US 12,421,892 B2
Hybrid turbine engine with selective electrical module engagement
Richard Keller, Indianapolis, IN (US); and Dwayne Bevis, Bloomington, IN (US)
Assigned to Rolls-Royce North American Technologies Inc., Indianapolis, IN (US)
Filed by Rolls-Royce North American Technologies Inc., Indianapolis, IN (US)
Filed on Dec. 4, 2019, as Appl. No. 16/703,376.
Prior Publication US 2021/0171212 A1, Jun. 10, 2021
Int. Cl.

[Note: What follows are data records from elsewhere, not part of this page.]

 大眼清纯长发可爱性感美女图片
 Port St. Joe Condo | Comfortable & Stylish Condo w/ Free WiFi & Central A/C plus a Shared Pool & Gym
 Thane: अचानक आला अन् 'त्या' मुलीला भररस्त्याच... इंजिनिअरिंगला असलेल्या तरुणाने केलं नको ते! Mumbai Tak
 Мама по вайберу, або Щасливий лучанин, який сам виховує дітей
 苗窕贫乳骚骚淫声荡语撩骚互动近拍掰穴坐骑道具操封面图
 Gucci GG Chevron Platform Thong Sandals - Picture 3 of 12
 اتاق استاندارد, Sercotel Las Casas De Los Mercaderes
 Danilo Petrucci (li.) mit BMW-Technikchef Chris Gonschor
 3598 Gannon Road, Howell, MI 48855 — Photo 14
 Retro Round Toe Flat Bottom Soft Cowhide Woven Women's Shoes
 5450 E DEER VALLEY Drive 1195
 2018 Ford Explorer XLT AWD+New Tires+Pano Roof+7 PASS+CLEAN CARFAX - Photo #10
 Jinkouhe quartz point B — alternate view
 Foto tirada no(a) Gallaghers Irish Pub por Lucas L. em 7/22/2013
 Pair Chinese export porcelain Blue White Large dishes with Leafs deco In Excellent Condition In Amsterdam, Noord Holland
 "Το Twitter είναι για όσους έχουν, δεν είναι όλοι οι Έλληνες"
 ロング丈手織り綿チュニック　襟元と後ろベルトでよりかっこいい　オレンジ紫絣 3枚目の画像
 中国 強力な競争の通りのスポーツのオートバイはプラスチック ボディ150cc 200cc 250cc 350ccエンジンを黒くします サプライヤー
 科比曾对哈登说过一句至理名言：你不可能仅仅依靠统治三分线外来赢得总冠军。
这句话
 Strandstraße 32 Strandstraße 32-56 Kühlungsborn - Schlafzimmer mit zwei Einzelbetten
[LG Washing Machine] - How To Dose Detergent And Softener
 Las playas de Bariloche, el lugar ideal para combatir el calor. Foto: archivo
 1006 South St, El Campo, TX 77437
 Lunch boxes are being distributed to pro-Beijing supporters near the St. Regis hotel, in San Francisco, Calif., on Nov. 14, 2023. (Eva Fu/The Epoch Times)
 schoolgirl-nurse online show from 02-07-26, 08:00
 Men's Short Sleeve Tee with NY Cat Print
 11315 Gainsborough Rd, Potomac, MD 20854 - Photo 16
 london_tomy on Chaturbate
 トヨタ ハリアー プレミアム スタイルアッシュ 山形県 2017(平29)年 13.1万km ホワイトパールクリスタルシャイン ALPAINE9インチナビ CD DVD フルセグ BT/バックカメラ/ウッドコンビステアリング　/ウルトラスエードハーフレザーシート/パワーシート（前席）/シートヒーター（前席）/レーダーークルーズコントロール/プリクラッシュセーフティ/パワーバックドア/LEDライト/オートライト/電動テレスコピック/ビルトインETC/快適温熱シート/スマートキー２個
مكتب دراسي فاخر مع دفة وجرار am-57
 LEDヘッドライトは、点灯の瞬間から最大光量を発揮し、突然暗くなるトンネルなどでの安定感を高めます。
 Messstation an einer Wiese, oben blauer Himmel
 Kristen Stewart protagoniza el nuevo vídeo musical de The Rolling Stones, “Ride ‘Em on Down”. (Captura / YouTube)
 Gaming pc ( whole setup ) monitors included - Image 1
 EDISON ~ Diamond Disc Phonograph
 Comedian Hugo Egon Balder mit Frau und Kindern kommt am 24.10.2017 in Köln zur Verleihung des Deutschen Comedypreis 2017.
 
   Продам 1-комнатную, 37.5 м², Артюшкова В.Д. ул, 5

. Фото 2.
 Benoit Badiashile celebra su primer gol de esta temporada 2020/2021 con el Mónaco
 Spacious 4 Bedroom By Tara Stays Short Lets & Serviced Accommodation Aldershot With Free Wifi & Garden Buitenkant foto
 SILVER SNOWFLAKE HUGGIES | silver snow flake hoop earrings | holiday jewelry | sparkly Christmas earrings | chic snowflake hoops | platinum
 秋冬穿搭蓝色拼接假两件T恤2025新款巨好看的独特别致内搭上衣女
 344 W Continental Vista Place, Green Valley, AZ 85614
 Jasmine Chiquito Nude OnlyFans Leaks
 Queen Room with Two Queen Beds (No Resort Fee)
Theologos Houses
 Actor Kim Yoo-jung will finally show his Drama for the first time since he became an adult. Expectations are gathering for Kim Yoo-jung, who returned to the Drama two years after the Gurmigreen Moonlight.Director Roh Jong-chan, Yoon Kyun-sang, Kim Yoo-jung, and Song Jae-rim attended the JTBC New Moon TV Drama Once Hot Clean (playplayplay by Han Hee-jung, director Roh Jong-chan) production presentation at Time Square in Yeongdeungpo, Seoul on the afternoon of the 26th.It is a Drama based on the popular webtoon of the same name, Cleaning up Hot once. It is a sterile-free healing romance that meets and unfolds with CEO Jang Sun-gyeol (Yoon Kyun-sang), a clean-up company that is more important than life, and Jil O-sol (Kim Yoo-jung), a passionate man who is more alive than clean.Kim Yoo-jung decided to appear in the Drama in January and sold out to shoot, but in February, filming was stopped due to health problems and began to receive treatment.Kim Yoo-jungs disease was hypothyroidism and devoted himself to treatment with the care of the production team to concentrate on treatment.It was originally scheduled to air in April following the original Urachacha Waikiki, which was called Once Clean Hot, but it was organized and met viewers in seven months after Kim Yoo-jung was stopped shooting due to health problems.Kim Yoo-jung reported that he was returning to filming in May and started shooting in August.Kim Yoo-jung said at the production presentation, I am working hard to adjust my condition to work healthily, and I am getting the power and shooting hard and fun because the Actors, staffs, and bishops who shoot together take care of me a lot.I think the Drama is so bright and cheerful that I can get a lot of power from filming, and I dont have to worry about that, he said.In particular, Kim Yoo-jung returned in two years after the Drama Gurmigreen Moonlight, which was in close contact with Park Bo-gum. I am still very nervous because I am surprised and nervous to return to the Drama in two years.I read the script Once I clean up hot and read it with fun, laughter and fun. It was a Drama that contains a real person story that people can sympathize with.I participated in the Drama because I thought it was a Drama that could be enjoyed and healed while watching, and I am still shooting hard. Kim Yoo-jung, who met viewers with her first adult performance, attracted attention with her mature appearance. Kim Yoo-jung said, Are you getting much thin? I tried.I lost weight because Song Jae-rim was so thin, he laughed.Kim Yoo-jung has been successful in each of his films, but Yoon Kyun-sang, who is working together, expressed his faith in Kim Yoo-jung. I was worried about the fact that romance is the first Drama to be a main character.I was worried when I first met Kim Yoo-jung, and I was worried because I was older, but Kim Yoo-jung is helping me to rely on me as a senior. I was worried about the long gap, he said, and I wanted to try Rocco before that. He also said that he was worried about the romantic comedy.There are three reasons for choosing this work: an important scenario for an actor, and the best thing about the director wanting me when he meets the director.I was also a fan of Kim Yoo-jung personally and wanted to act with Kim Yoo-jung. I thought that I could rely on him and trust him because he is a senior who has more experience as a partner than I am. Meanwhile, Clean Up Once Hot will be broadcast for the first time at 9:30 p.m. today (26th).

F02C 3/10 (2006.01); B64D 27/10 (2006.01); B64D 27/33 (2024.01); B64D 31/06 (2006.01); B64D 31/18 (2024.01); B64D 27/02 (2006.01); F01D 15/10 (2006.01)
CPC F02C 3/10 (2013.01) [B64D 27/10 (2013.01); B64D 27/33 (2024.01); B64D 31/06 (2013.01); B64D 31/18 (2024.01); B64D 27/026 (2024.01); F01D 15/10 (2013.01); F05D 2220/323 (2013.01); F05D 2260/607 (2013.01)] 16 Claims
OG exemplary drawing
 
1. A hybrid propulsion system for use with an aircraft, the hybrid propulsion system comprising:
a gas turbine engine core including a compressor, a combustor, and a turbine;
an electric power system that includes an energy storage device, a generator connected with the energy storage device, and a motor connected with the energy storage device, the motor configured to produce rotational energy in response to receiving electric energy from the energy storage device;
at least one propulsor configured to use energy received from at least one of the gas turbine engine core and the electric power system to generate thrust for propelling the aircraft; and
a controller configured to control provision of power from the gas turbine engine core and the electric power system to the at least one propulsor to cause the at least one propulsor to generate the thrust having a force magnitude value and to adjust the provision of power from the gas turbine engine core and the electric power system in response to the controller receiving a first signal so that the at least one propulsor continues to generate the thrust having the force magnitude value,
wherein the first signal is generated in response to the controller detecting a threat to the aircraft indicative of a missile targeting heat generated and exhausted by the gas turbine engine core and the controller is configured to control the provision of energy by reducing a fuel flow to the gas turbine engine core while simultaneously increasing the provision of power from the electric power system to the at least one propulsor so that the heat generated and exhausted by the gas turbine engine core is reduced and the threat to the aircraft is mitigated.
 
15. A method of operating a hybrid propulsion system, comprising:
providing a gas turbine engine core including a compressor, a combustor, and a turbine;
providing an energy storage device;
providing at least one propulsor configured to use energy received from at least one of the gas turbine engine core and the energy storage device to generate thrust for propelling an aircraft;
generating a signal in response to detection of a threat to the hybrid propulsion system indicative of a missile targeting heat generated and exhausted by the gas turbine engine core; and
varying a provision of power between the gas turbine engine core and the energy storage device to the hybrid propulsion system by reducing a fuel flow to the gas turbine engine core and increasing power from the energy storage device to the at least one propulsor in response to the signal being generated so that the at least one propulsor achieves a predetermined thrust level and the heat generated and exhausted by the gas turbine engine core is reduced and the threat of the missile to the hybrid propulsion system is mitigated.